Hati-Hati Pada Ulama Yang Dikit-Dikit Ndalil

Ilustrasi

Oleh : Lantip Wicaksono

Sebagai umat muslim kita harus meneladani Rasulullah SAW yang menjadi tauladan bagi kita. Ada beragam panduan hidup secara Islami dalam Al Qur’an, Hadits, Kitab para ulama besar yang Insya Allah akan menyelamatkan kita baik di dunia maupun di akhirat. Sebagai muslim yang awam, tentu kita sangat suka belajar dengan kitab suci kita, dengan hadits Rasulullah, dengan cerita para sahabat nabi, maupun para Tabiin dan ulama-ulama besar.

Tahun 70an hingga akhir 2000an kita begitu teduh mendengar banyak ulama berceramah mensyiarkan agama Islam. Bukan hanya melalui televisi, radio bahkan di berbagai masjid sekitar kita. Dan para dai itu lebih banyak menuturkan cerita-cerita yang damai nan sejuk. Bahkan dalam 1-2 jam ceramahnya hanya beberapa ayat atau hadits yang dikutip. Mereka lebih menekankan pada keberadaan kita, perilaku kita, tindakan kita. Namun sejak awal 2010, mulailah banyak dai, ulama, kyai di Indonesia yang berkhotbah, ceramah atau syiar justru membuat permusuhan. Jika digali, mereka bukan ulama-ulama NU, dan jargon utama mereka selalu “kembali pada Al Qur’an dan Hadits”.

Ini yang patut disesalkan. Mengapa? Sebut saja mereka kelompok intoleran yang ingin menyerang NU, yang ingin merusak Islam seperti apa yang dibangun walisongo. Perbedaan mencolok para dai kelompok intoleran ini lebih banyak mengutip Al Qur’an dan Hadits, lebih suka mengupas amaliyah NU plus menyesatkan tradisi NU, berkutat pada halal haram dan sekarang ini semua seakan-akan tidak sesuai dengan Islam Nabi Muhammad.

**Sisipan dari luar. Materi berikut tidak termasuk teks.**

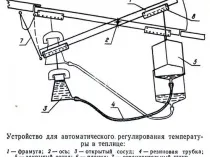 Виготовлення автоматики для теплиці своїми руками, огляд системи автоматичного поливу для теплиць (огляд) Виготовлення автоматики для теплиці своїми руками, огляд системи автоматичного поливу для теплиць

Mereka tahu mayoritas umat Islam di Indonesia memang kurang dalam pemahaman atas Al Qur’an dan Hadits. Mengapa? Jelas karena bahasa yang digunakan adalah bahasa dimana Islam diturunkan. Oleh para Ulama-ulama NU, apa yang ada dalam Al Qur’an dan Hadits serta kitab-kitab sudah diolah dan disampaikan secara sederhana. Sehingga masyarakat awam tinggal menjalankan saja. Mengapa begitu? Memahami Al Qur’an dan Hadits tidak boleh dilakukan sembarang orang sebab ada prasyarat yang harus dipenuhi agar tidak disalahfahami. Sayangnya saat ini banyak dai yang hanya mengandalkan nalar tanpa ilmu yang lengkap.

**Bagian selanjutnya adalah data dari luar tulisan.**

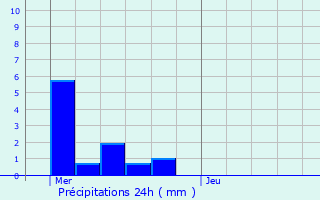 Graphique des précipitations prvues pour Mangonville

Berkembangnya teknologi informasi menyebabkan orang bisa dianggap punya kapasitas keagamaan padahal masih jauh dari mumpuni. Sebut saja Jonru, Felix Siaw, Irene Handoko, Nanik Deyang, Sugi Nur Raharja dan masih banyak yang lainnya. Bagaimana bisa mereka yang kemampuan agamanya terbatas diminta ceramah, khotbah diberbagai kesempatan bahkan diakui kebenarannya. Mereka tidak punya sanad keilmuan yang jelas seperti dimiliki oleh kaum nahdliyin. Jangankan kyai NU, generasi muda NU saja jauh lebih mumpuni untuk adu keilmuan dengan mereka.

Sebagai ilustrasi, muslim awam seperti kita sebaiknya mengkonsumsi santan yang sudah siap olah saja. Biarkan kelapa di pohon dipetik oleh para ulama-ulama besar untuk diolahnya. Sebab memahami ilmu Al Quran dan Hadits butuh banyak cabang ilmu lain. Ingat, terjemahan Al Qur’an jelas tidak bisa dimaknai dalam bahasa Indonesia begitu saja. Kita butuh menguasai ilmu alat, ilmu Tafsir, Ilmu Mustholah dan Syarah Hadits, Ilmu Kitab Rijal, Ilmu Kitab Tarikh dan Ilmu Qur’an. Tiap Ilmu tadi masih punya turunan sendiri atau cabang ilmu. Para Ulama NU cenderung berhati-hati dengan itu semua sehingga menyampaikan dakwah selalu menyesuaikan audiens serta tempat. Tidak menggeneralisir disamakan. Dakwah itu mengajak, merangkul, membuat orang nyaman menjalankan. Bukan justru menakut-nakuti bahkan was-was dalam beragama.